= Beginning of Section =

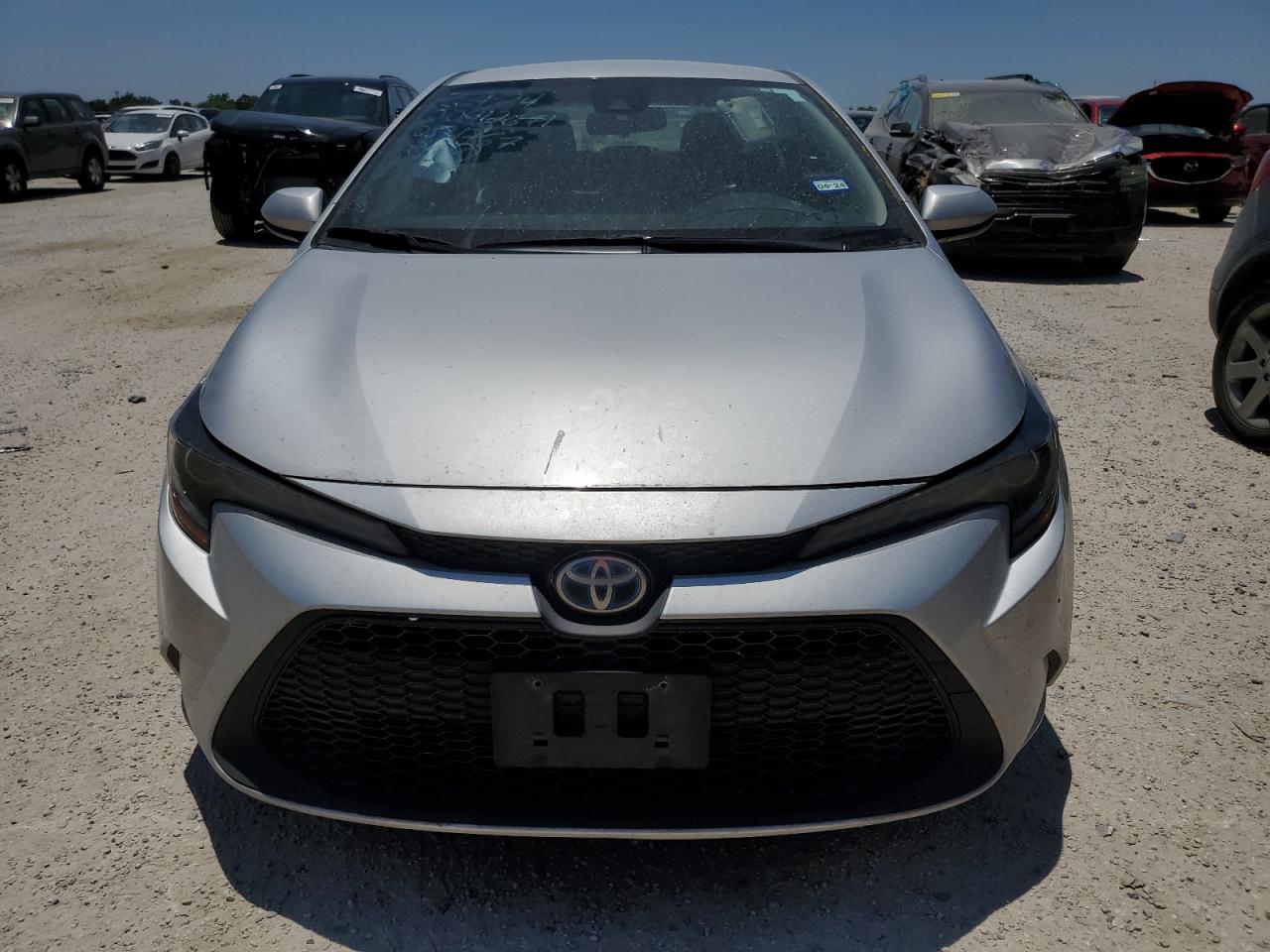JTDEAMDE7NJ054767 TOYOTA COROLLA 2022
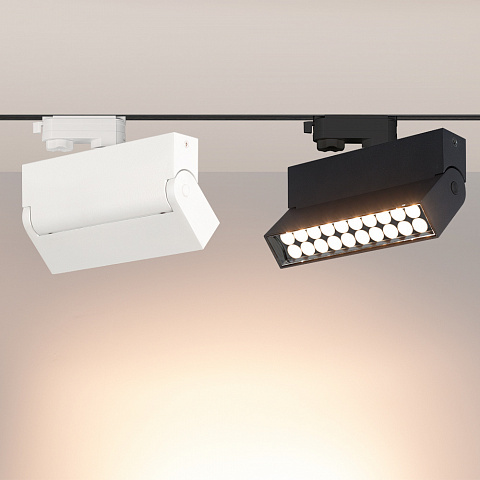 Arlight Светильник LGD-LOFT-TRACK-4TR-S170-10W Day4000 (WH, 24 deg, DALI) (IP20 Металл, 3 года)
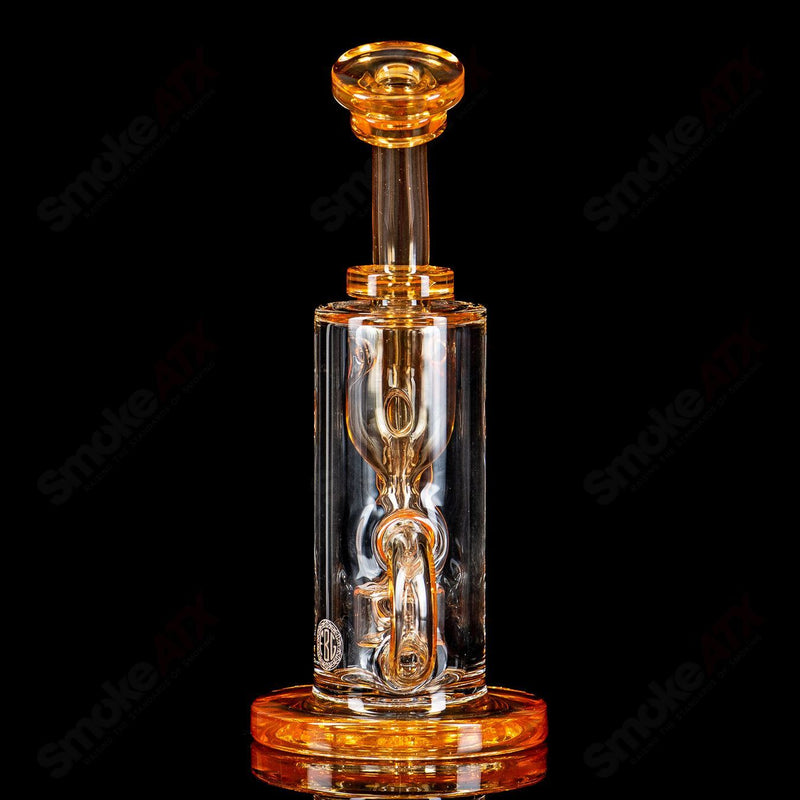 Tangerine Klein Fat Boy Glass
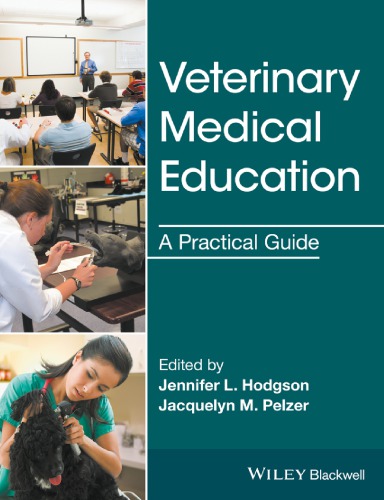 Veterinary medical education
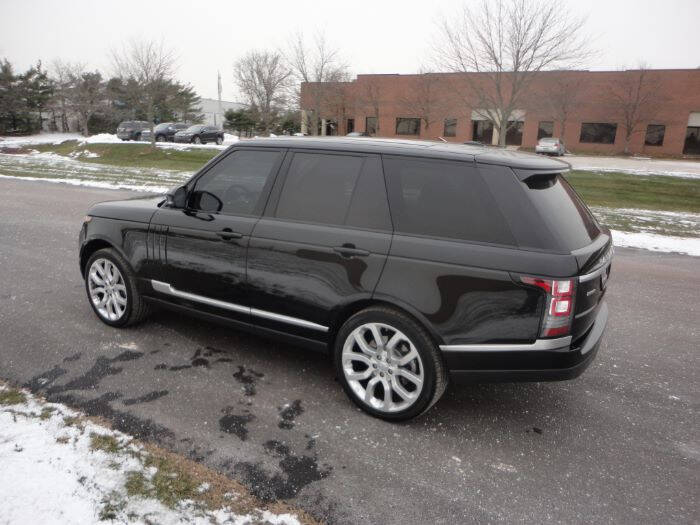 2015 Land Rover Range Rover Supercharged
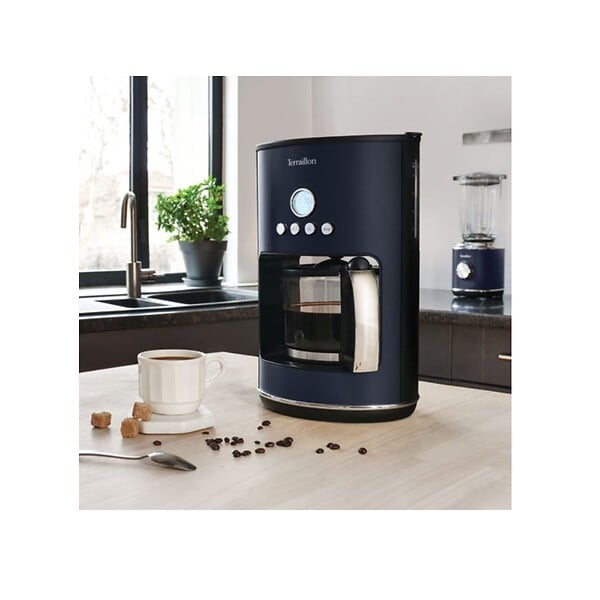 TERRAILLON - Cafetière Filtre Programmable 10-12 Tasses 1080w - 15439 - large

= End of Section =
= Beginning of Section =

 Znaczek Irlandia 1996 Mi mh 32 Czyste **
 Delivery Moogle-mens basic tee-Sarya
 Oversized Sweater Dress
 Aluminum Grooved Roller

= End of Section =

## TASK TO COMPLETE
Reproduce exactly the lines above starting at the line containing "Veterinary medical education" and ending at the line containing "TERRAILLON - Cafetière", including both, but not the pictures.

## RESPONSE BOX
 Veterinary medical education
 2015 Land Rover Range Rover Supercharged
 TERRAILLON - Cafetière Filtre Programmable 10-12 Tasses 1080w - 15439 - large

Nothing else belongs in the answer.